■ Listed records ■
___
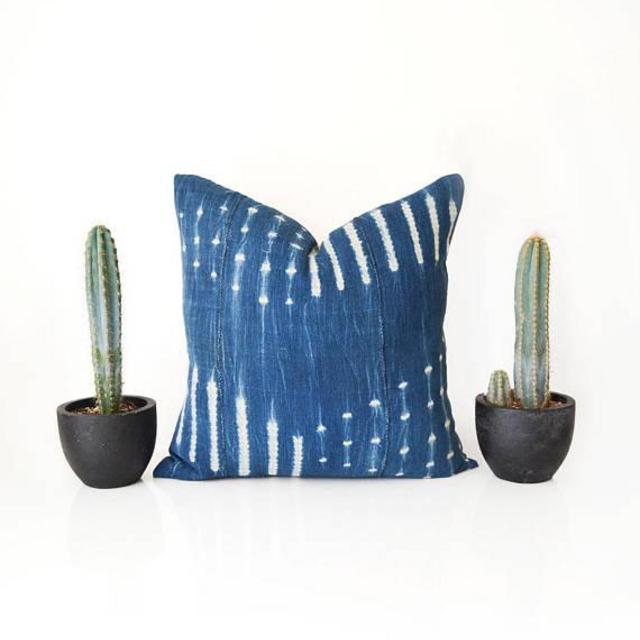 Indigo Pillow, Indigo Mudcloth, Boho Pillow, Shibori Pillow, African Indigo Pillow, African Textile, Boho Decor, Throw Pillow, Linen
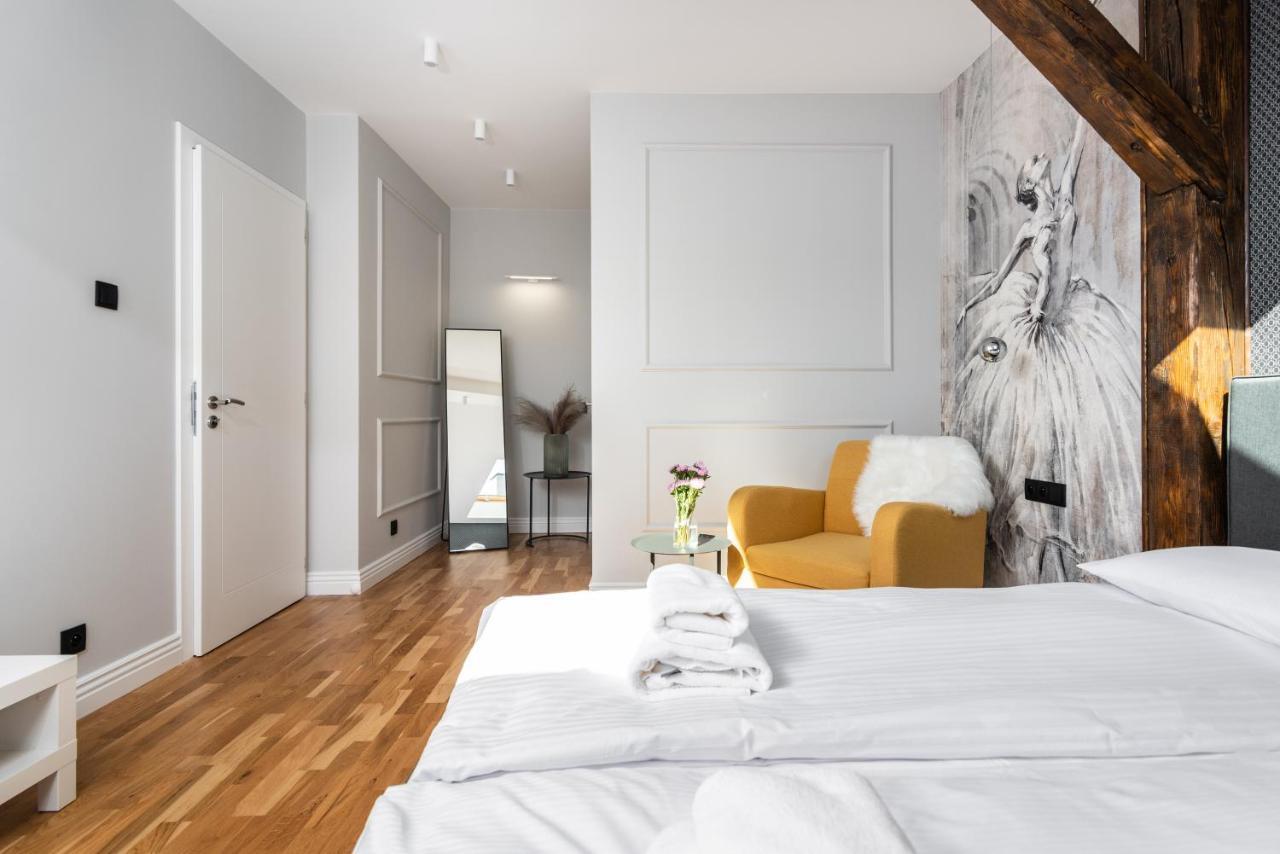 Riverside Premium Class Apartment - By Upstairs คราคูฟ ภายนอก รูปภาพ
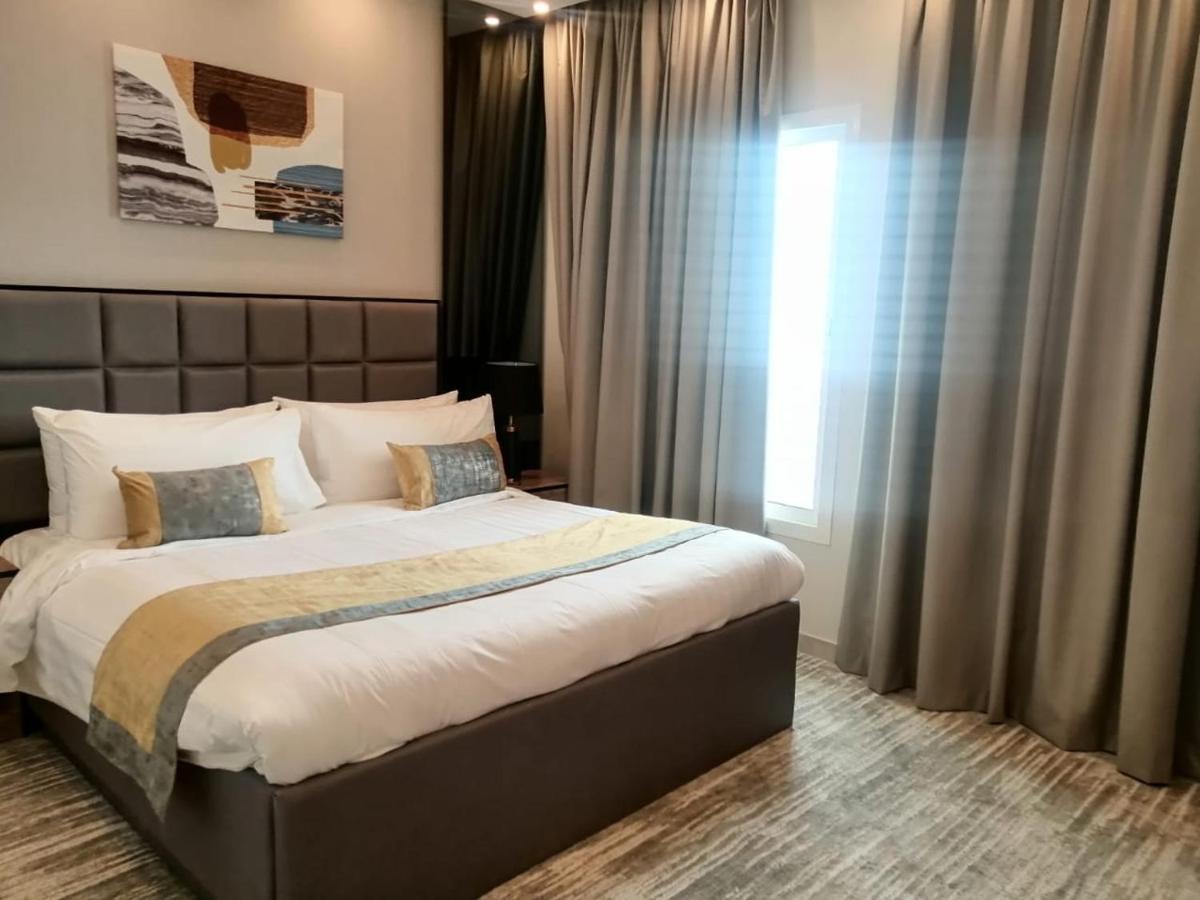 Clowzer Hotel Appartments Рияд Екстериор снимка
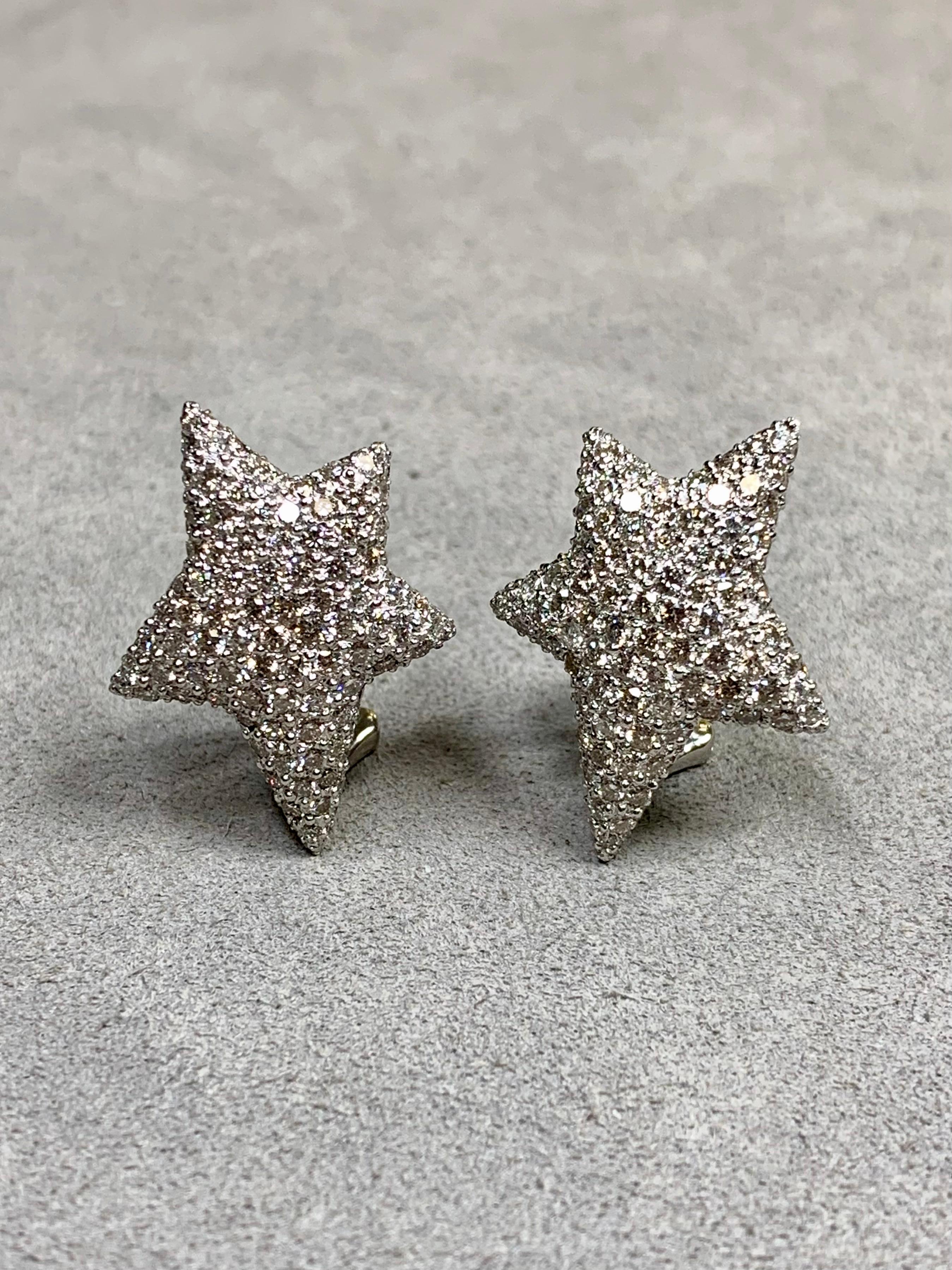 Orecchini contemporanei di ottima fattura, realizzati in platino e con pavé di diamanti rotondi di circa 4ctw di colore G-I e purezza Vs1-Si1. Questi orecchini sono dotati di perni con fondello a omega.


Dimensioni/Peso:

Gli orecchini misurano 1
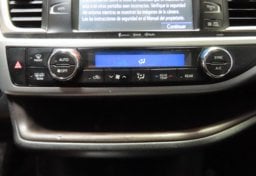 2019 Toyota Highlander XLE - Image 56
___
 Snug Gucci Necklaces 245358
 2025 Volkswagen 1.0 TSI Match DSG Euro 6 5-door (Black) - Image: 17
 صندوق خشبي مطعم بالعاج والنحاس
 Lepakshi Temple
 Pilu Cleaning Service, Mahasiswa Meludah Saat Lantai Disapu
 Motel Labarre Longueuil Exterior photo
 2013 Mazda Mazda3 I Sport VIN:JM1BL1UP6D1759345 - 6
___
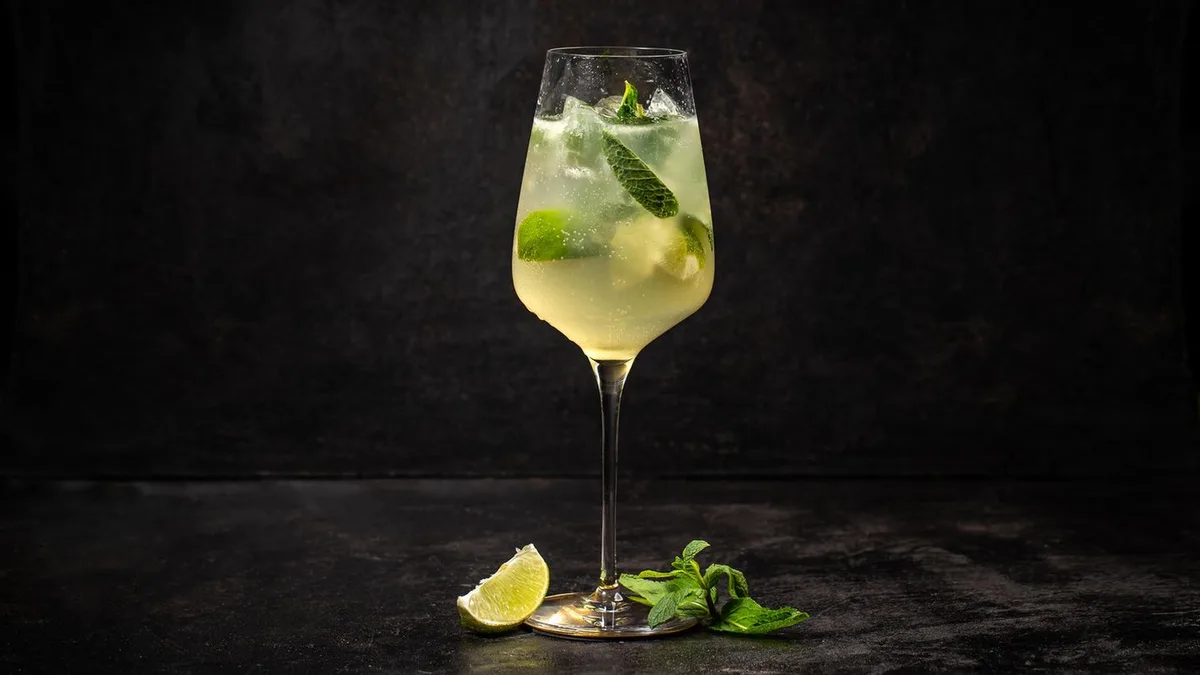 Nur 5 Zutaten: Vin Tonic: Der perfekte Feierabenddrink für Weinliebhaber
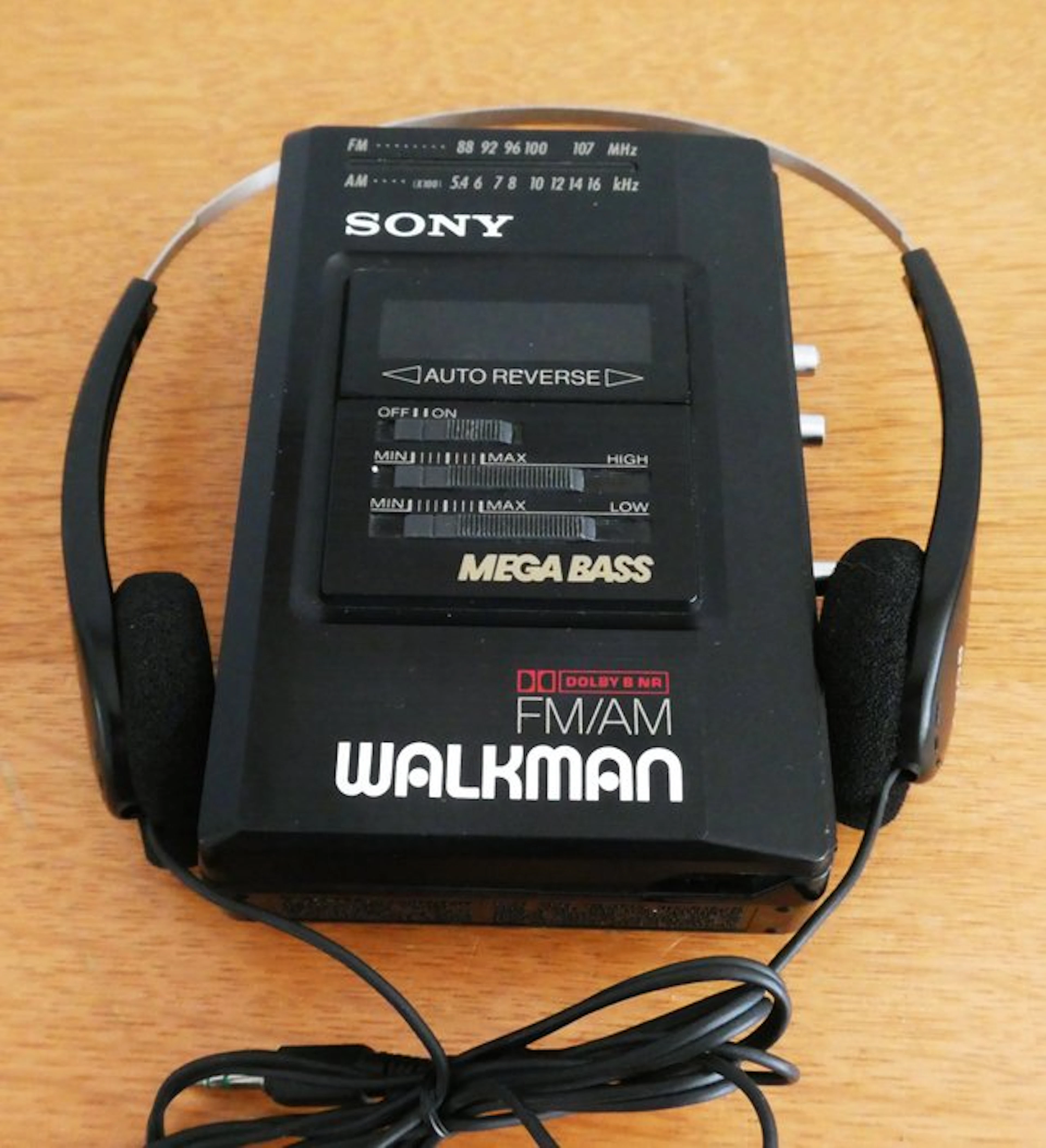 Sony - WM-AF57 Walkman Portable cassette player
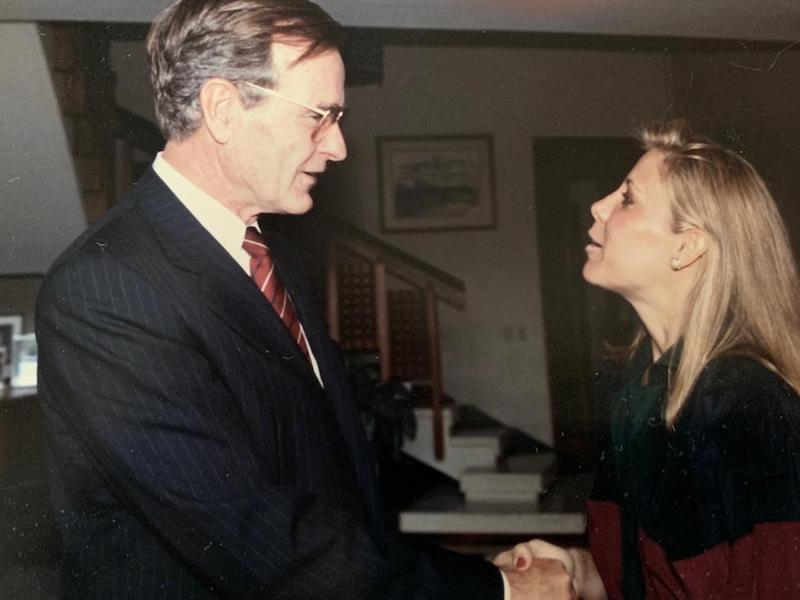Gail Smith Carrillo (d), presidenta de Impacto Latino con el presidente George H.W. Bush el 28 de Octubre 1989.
___
■ Aim of the task ■
Reproduce the listing above from the line that holds "Indigo Pillow, Indigo" through the line that holds "2019 Toyota Highlander XLE - Image 56", both included, with the pictures left out.

■ Written response ■
 Indigo Pillow, Indigo Mudcloth, Boho Pillow, Shibori Pillow, African Indigo Pillow, African Textile, Boho Decor, Throw Pillow, Linen
 Riverside Premium Class Apartment - By Upstairs คราคูฟ ภายนอก รูปภาพ
 Clowzer Hotel Appartments Рияд Екстериор снимка
 Orecchini contemporanei di ottima fattura, realizzati in platino e con pavé di diamanti rotondi di circa 4ctw di colore G-I e purezza Vs1-Si1. Questi orecchini sono dotati di perni con fondello a omega.


Dimensioni/Peso:

Gli orecchini misurano 1
 2019 Toyota Highlander XLE - Image 56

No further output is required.